| Your task |
Within the material below, locate the line with "5th image of 5 Wilbur Avenue" and the line with "Superbalist - Anna", then return those two lines and all lines between them, exactly as written.

| Data supplied |
§

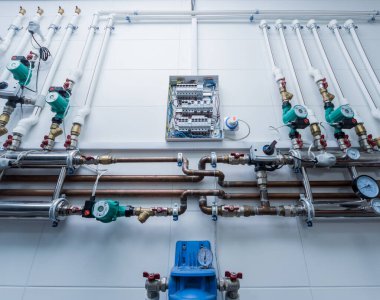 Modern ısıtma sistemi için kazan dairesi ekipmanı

§

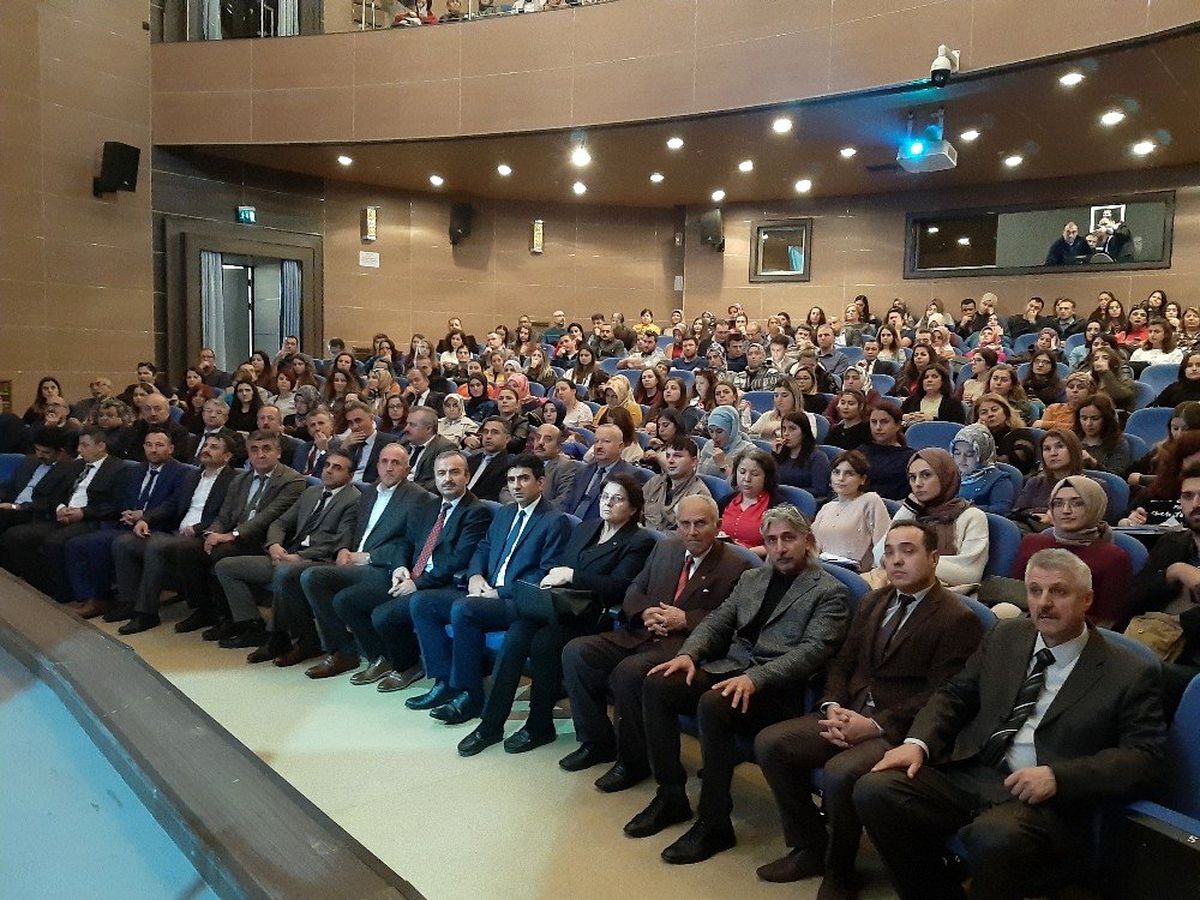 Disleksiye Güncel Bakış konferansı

§

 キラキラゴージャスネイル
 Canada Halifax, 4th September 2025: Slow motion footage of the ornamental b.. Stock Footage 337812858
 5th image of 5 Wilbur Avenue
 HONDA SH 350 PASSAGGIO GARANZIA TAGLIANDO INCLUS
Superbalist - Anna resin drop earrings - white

§

| Result of this task |
 5th image of 5 Wilbur Avenue
 HONDA SH 350 PASSAGGIO GARANZIA TAGLIANDO INCLUS
Superbalist - Anna resin drop earrings - white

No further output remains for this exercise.